Dank der Sonderbefristungsregelung und der starken Ausrichtung auf kurzfristige Projektgelder gibt es an deutschen Hochschulen und außeruniversitären Forschungseinrichtungen kaum noch unbefristet angestelltes wissenschaftliches Personal – mit Ausnahme der auf Lebenszeit verbeamteten W2- und W3-Professuren, die inzwischen aber nur noch 13 Prozent aller wissenschaftlich Beschäftigten ausmachen. Insgesamt liegt die Befristungsquote mittlerweile bei 78 Prozent, bei den unter 45jährigen sogar bei 92 Prozent[3] – in keinem anderen Beschäftigungszweig hierzulande finden sich derartige Zustände. Vielmehr sollte das Normalarbeitsverhältnis prinzipiell eine unbefristete Dauerstelle sein,[4] was die Befristungsquoten für den restlichen Arbeitsmarkt auch abbilden.[5]

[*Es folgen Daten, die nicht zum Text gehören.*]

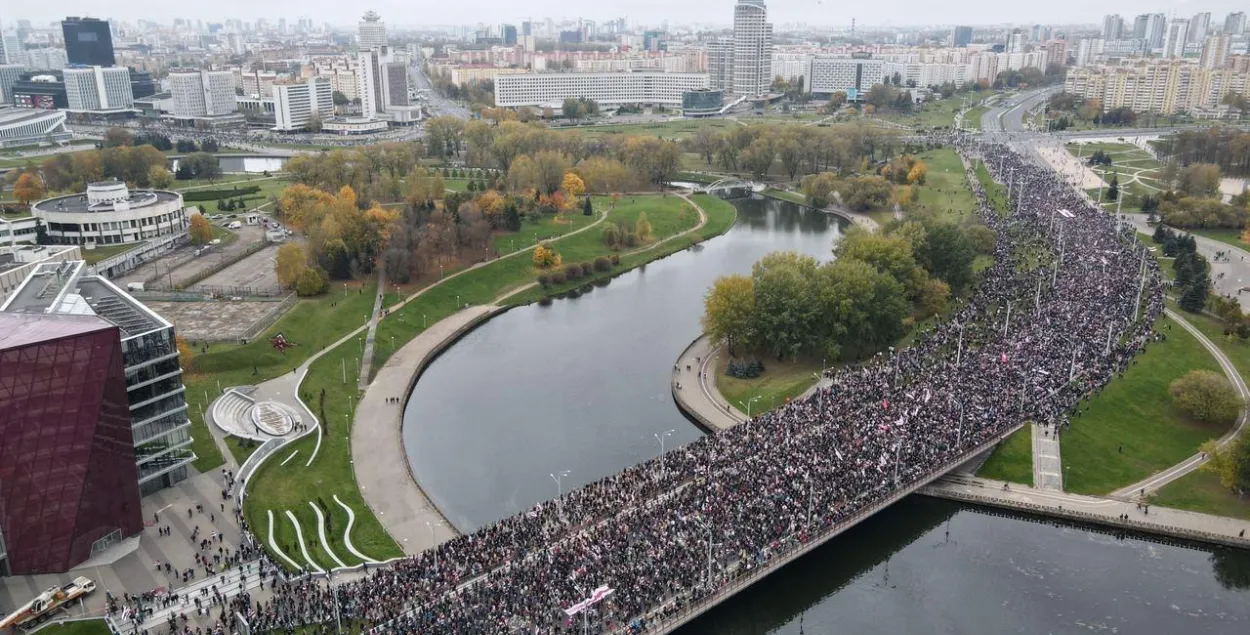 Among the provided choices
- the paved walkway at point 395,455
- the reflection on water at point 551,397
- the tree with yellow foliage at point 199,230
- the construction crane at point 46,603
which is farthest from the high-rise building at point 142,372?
the tree with yellow foliage at point 199,230

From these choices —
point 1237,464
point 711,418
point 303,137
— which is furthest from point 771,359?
point 303,137

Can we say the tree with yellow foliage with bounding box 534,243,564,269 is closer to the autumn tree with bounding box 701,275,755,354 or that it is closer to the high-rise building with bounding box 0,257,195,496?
the autumn tree with bounding box 701,275,755,354

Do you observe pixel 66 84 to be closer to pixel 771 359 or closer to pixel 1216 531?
pixel 771 359

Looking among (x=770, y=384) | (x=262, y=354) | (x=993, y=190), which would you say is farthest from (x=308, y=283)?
(x=993, y=190)

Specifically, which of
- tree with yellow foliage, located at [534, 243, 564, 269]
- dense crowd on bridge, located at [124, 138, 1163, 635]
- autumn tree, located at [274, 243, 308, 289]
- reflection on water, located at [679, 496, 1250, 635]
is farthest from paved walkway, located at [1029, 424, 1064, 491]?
autumn tree, located at [274, 243, 308, 289]

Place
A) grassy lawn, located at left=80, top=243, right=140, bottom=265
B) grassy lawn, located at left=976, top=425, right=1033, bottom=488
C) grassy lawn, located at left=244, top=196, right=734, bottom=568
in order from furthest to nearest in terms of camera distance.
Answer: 1. grassy lawn, located at left=80, top=243, right=140, bottom=265
2. grassy lawn, located at left=976, top=425, right=1033, bottom=488
3. grassy lawn, located at left=244, top=196, right=734, bottom=568

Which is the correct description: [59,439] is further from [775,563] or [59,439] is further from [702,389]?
[702,389] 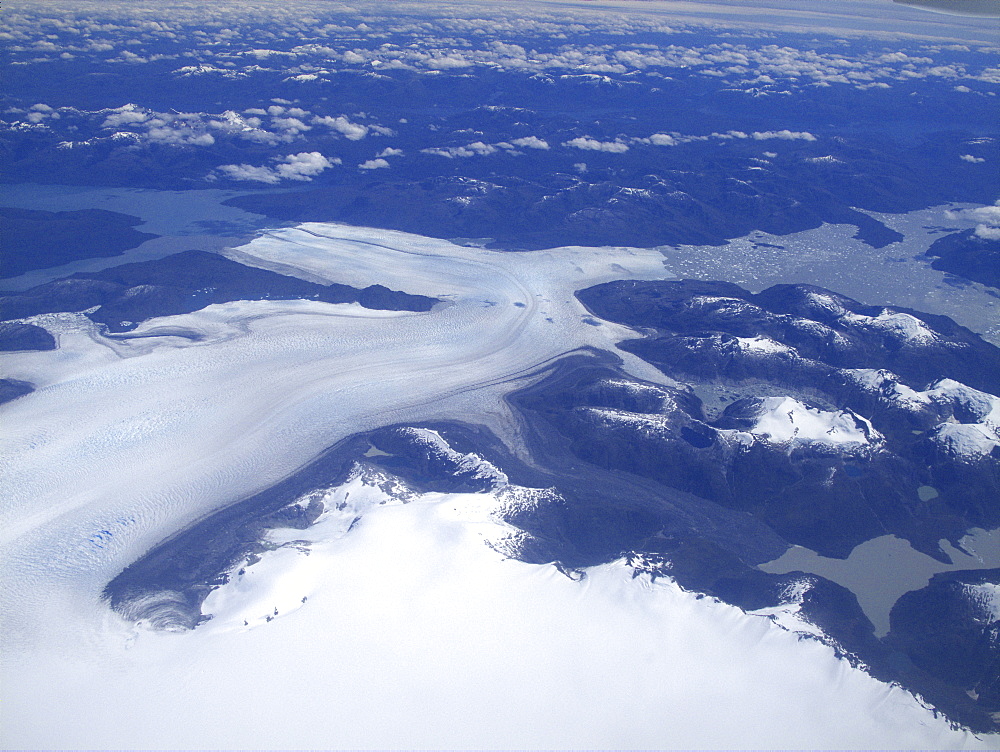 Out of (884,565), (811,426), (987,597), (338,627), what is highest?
(811,426)

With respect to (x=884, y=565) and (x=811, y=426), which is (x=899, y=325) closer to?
(x=811, y=426)

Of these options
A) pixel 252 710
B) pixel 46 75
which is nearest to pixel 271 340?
pixel 252 710

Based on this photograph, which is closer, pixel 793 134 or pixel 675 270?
pixel 675 270

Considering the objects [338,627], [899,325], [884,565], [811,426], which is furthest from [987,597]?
[899,325]

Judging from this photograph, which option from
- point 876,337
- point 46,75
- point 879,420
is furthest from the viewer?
point 46,75

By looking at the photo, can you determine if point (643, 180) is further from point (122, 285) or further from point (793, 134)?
point (122, 285)

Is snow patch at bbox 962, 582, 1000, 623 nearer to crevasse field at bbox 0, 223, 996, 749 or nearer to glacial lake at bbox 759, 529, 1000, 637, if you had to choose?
glacial lake at bbox 759, 529, 1000, 637

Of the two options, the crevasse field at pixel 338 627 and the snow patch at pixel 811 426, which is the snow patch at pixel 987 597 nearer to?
the crevasse field at pixel 338 627

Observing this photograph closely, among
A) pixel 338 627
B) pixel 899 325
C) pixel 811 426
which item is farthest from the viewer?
pixel 899 325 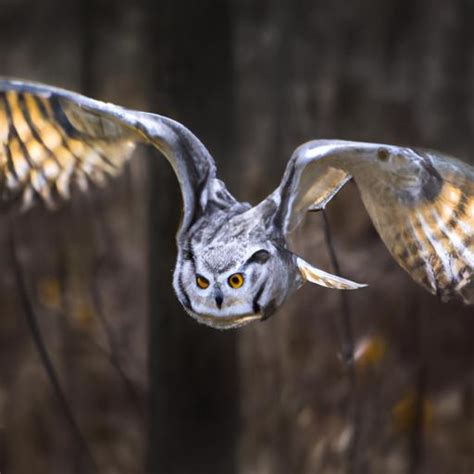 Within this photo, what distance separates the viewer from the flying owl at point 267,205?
902 millimetres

Begründet wird die Sonderbefristung in der Regel damit, dass es sich bei der Wissenschaft um ein „besonderes Arbeitsumfeld“ handele, das mit anderen Formen der Erwerbsarbeit nicht vergleichbar sei. Hier spielt die immer wieder angeführte Argumentationsfigur, der zufolge nur stete Fluktuation in der Wissenschaft Innovation erzeuge, eine wesentliche Rolle. Zugleich halten es einige der an der Diskussion Beteiligten für akzeptabel, Menschen bis ins fünfte Lebensjahrzehnt als „Nachwuchs“ zu bezeichnen, der sich noch in der „Qualifikation“ befinde und folglich auch keinen Anspruch auf eine unbefristete Beschäftigung habe.

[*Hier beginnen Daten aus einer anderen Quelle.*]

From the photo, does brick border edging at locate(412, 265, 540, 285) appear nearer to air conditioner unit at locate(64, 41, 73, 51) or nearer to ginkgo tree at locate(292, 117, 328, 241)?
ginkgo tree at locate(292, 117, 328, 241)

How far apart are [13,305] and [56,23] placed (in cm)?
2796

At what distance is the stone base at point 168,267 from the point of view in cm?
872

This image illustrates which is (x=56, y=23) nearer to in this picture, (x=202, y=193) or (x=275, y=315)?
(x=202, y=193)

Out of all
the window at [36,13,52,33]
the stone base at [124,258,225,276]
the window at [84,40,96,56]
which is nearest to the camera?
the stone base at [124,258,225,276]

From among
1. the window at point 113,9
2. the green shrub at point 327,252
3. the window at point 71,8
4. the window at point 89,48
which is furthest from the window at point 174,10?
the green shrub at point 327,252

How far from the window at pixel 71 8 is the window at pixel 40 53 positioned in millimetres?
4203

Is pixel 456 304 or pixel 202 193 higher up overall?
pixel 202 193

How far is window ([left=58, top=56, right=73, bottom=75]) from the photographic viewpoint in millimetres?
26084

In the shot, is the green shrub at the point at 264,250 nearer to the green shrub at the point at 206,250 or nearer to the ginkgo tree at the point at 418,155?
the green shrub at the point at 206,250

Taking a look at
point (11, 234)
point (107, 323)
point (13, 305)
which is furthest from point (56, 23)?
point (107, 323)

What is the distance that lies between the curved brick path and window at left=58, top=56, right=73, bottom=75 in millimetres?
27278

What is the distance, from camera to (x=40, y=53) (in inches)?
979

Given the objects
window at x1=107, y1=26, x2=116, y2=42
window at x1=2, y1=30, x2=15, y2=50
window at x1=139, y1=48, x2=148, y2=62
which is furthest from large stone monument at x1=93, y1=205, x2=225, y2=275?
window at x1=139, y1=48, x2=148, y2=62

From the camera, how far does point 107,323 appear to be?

Dass wissenschaftlich Angestellte dauerbefristet sind, ist jedoch nur eines der vielen Probleme. Dank der strikten Regelungen des WissZeitVG müssen zahlreiche hochqualifizierte Akademiker*innen die Wissenschaft nach jahrelanger Berufserfahrung verlassen und sich beruflich neu orientieren. Als eine Begründung für die Höchstbefristungsdauer wurde immer wieder der Schutz der Arbeitnehmer*innen genannt, die danach entfristet werden sollten. Doch es ist schwer, eine der raren Professuren zu ergattern – und Hochschulverwaltungen suchen Entfristungen unter allen Umständen zu vermeiden, nicht zuletzt, weil man sich nicht langfristig finanziell binden will oder kann.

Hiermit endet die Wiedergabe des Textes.